Artifacts can be accessed in the Pipeline Run page, in the Artifacts tab.
Small values may be stored in the TangleML database without putting any TTL on them.
Blob vs directory artifacts
Blob artifacts
Blobs are nameless data files. Components always write to and read from a file named data:
# Component writes blob
with open("/tmp/outputs/model/data", "wb") as f:
pickle.dump(model, f)
# Downstream component reads blob
with open("/tmp/inputs/model/data", "rb") as f:
model = pickle.load(f)
This naming convention ensures compatibility - no component expects specific filenames.
Directory artifacts
Directories are nameless containers, but files inside retain their names:
# component writes directory
output_dir = "/tmp/outputs/dataset/data/"
os.makedirs(output_dir, exist_ok=True)
pd.DataFrame(...).to_parquet(f"{output_dir}/train.parquet")

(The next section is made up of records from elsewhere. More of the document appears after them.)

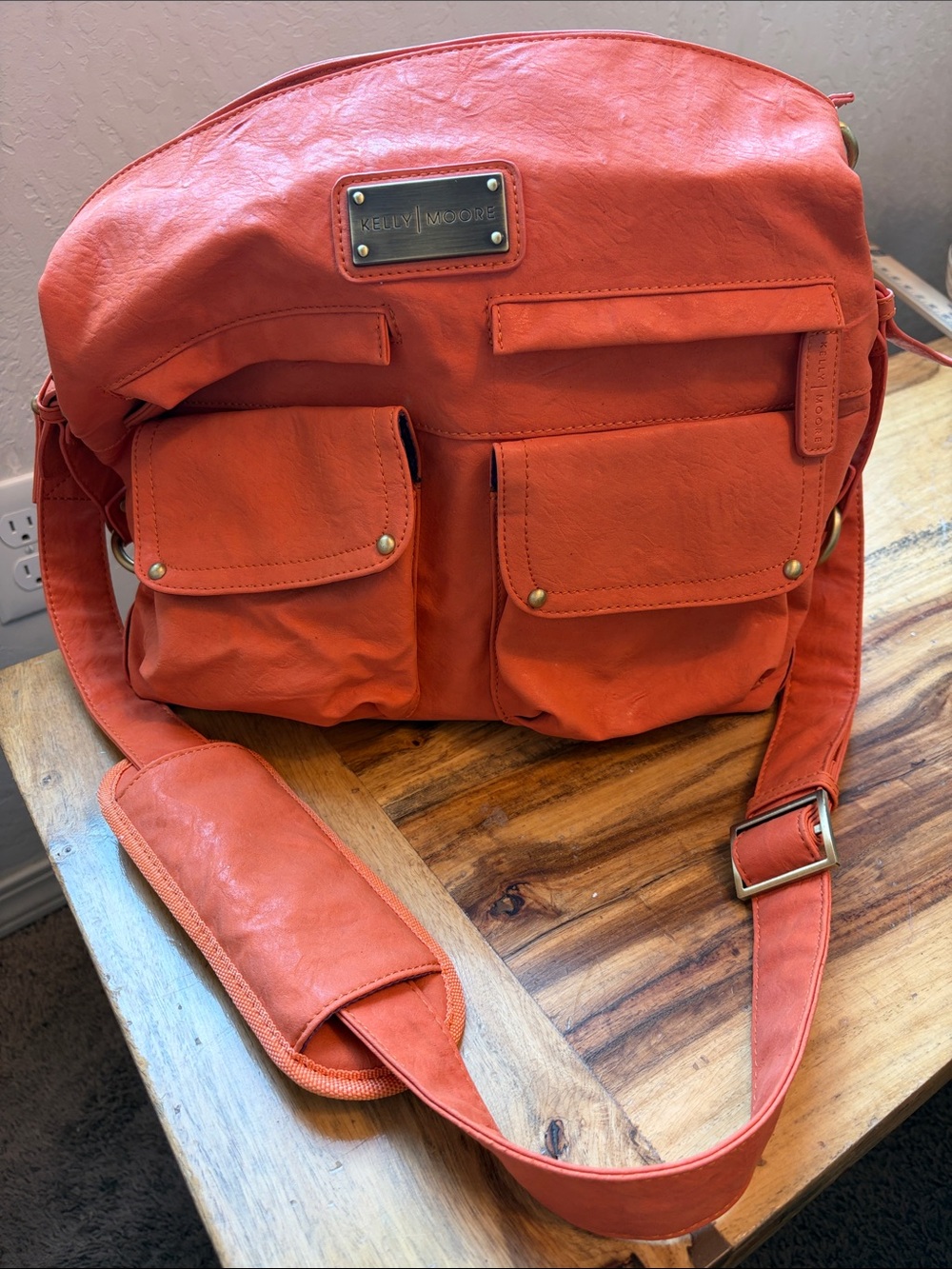 Kelly Moore Coral-Orange Camera or messenger Bag with Front Pockets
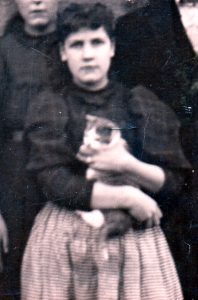My grandmother, Mattie Kilborn holding a kitten, circa 1895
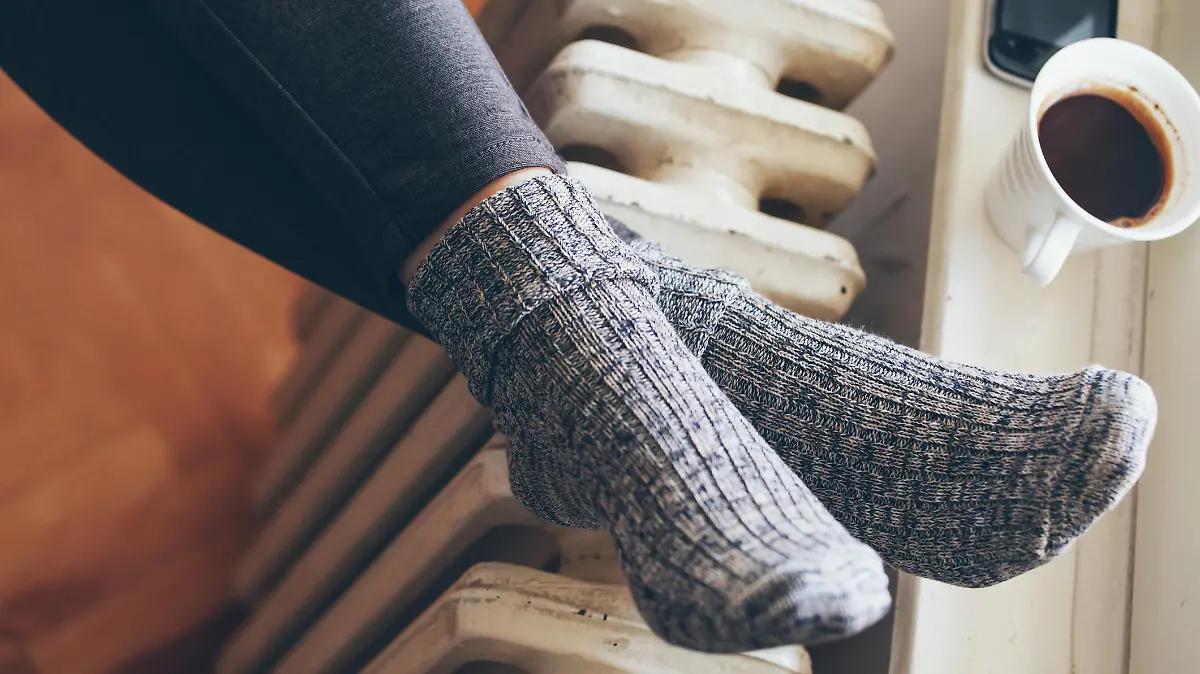 woman legs on radiator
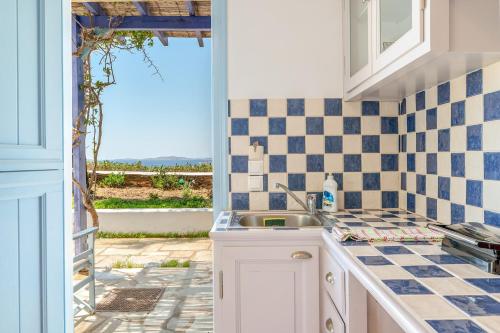 a kitchen with a sink and a window at La Casa Tinos 22 in Tinos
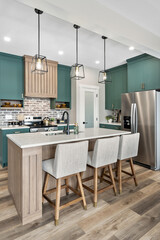 Kitchen with a green color theme and a modern design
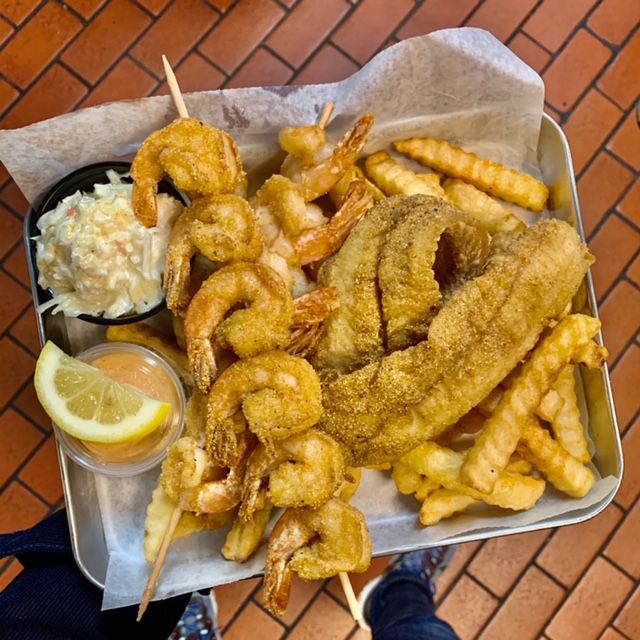 Fried seafood platter with shrimp skewers, fish fillet, fries, coleslaw, lemon, and dipping sauce.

pd.DataFrame(...).to_parquet(f"{output_dir}/test.parquet")
# Downstream component reads directory
input_dir = "/tmp/inputs/dataset/data/"
train = pd.read_parquet(f"{input_dir}/train.parquet")
test = pd.read_parquet(f"{input_dir}/test.parquet")
Artifact attributes
Every artifact has:
- Size: Total bytes (for directories, cumulative size)

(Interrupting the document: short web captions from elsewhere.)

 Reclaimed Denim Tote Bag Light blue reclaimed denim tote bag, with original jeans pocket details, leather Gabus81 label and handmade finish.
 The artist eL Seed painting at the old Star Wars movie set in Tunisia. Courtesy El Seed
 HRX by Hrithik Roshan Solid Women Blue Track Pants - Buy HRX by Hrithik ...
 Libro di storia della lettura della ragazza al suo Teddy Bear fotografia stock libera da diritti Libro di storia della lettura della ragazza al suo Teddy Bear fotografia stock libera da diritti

- Hash: MD5 (Google Cloud) or SHA-256 (local) for content-based caching
- Is Directory: Boolean flag
- URL: Storage location (hidden from components, managed by system)
Storage and retention
| Artifact Type | Storage Duration | What's Retained After TTL |
|---|---|---|
| Large artifacts | 30 days (Shopify) | Metadata only (size, hash) |
| Small values | Permanent | Full value in database |
The retention period for large artifacts is configured per deployment. When a retention period is configured, the run view displays an Artifact Storage warning at the top of the artifact section reminding you that artifacts older than the retention period may no longer be available in remote storage. The notice includes the configured number of days. If your deployment does not configure a retention period, this notice is suppressed.

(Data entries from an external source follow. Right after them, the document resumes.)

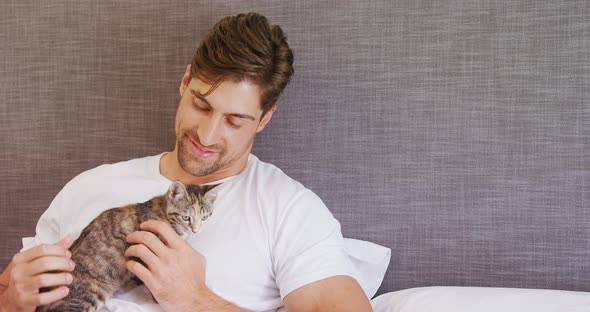 Young man sitting on bed stroking his tabby cat 4K 4k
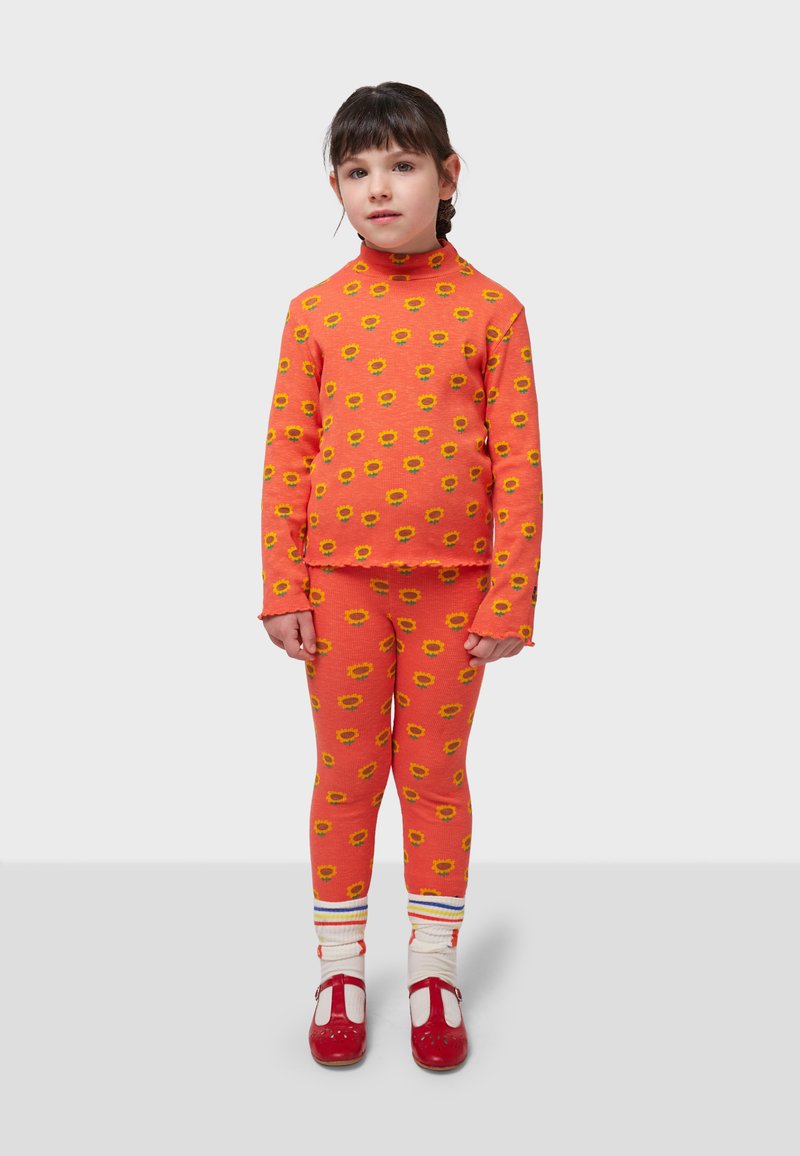 Orange long-sleeve top and leggings with yellow sunflower pattern, paired with red shoes and white socks featuring colored stripes.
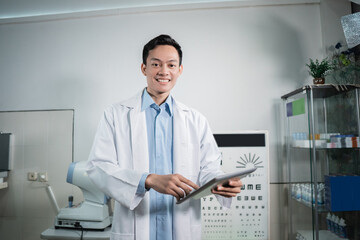 a male doctor maintains an eye checklist that forms the basis of examinations at the eye clinic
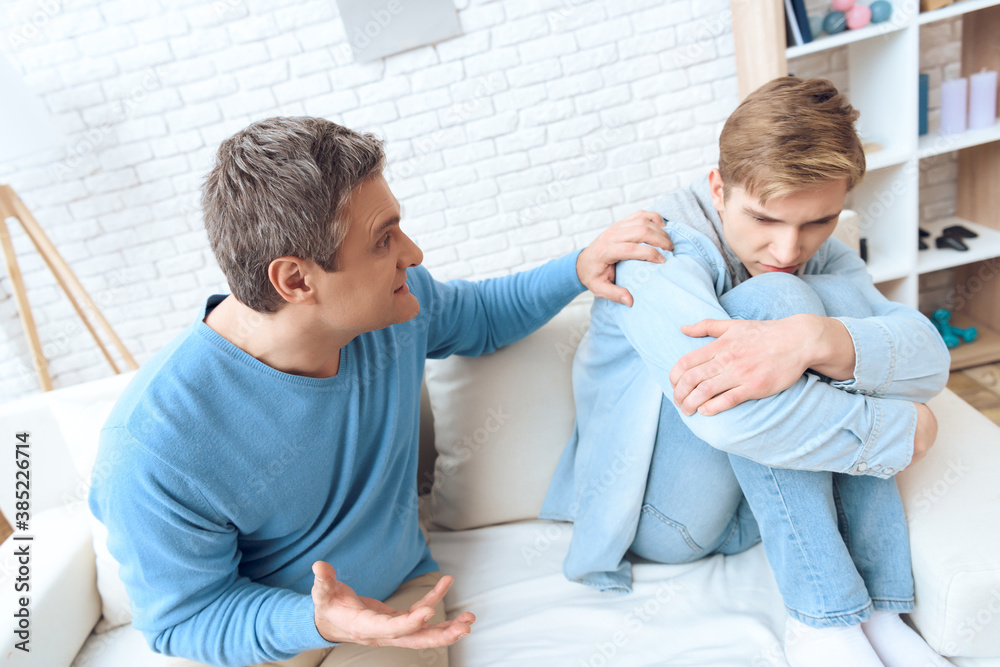 Fototapeta premium The son does not want to talk with dad.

When artifacts are no longer available
Artifacts may become unavailable after their retention period has elapsed, or because of a transient storage error. When the inline viewer cannot load an artifact, an inline notice replaces the preview:
- Artifact unavailable — the artifact could not be found in storage (HTTP 404). When a retention period is configured, the notice mentions that the artifact may have expired and includes the retention window.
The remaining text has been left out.